The task:
Using the material below, return exactly the lines between the one holding "1222 Woodpecker Drive, Clover, SC" and the one holding "Café Gourmand restaurant in Soulac-sur-Mer", inclusive, and no others.

Dataset excerpts:
══════════
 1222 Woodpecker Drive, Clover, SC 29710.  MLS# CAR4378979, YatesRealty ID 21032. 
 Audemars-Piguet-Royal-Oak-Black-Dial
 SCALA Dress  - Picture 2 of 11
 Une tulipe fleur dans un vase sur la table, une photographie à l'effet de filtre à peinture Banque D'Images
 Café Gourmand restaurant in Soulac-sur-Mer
══════════
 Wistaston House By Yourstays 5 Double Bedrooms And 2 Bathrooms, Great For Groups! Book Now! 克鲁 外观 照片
══════════
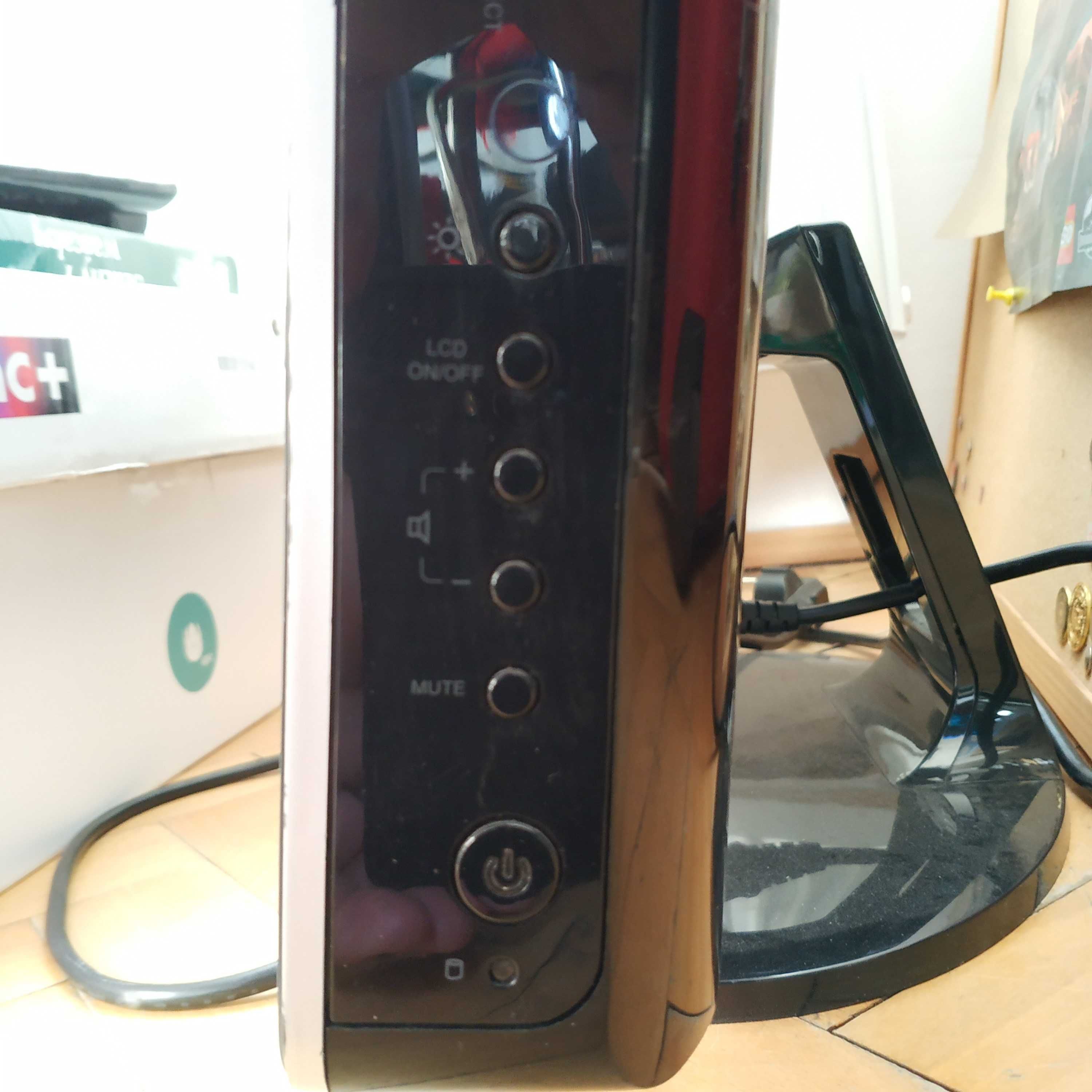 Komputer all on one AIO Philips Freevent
══════════
Solution:
 1222 Woodpecker Drive, Clover, SC 29710.  MLS# CAR4378979, YatesRealty ID 21032. 
 Audemars-Piguet-Royal-Oak-Black-Dial
 SCALA Dress  - Picture 2 of 11
 Une tulipe fleur dans un vase sur la table, une photographie à l'effet de filtre à peinture Banque D'Images
 Café Gourmand restaurant in Soulac-sur-Mer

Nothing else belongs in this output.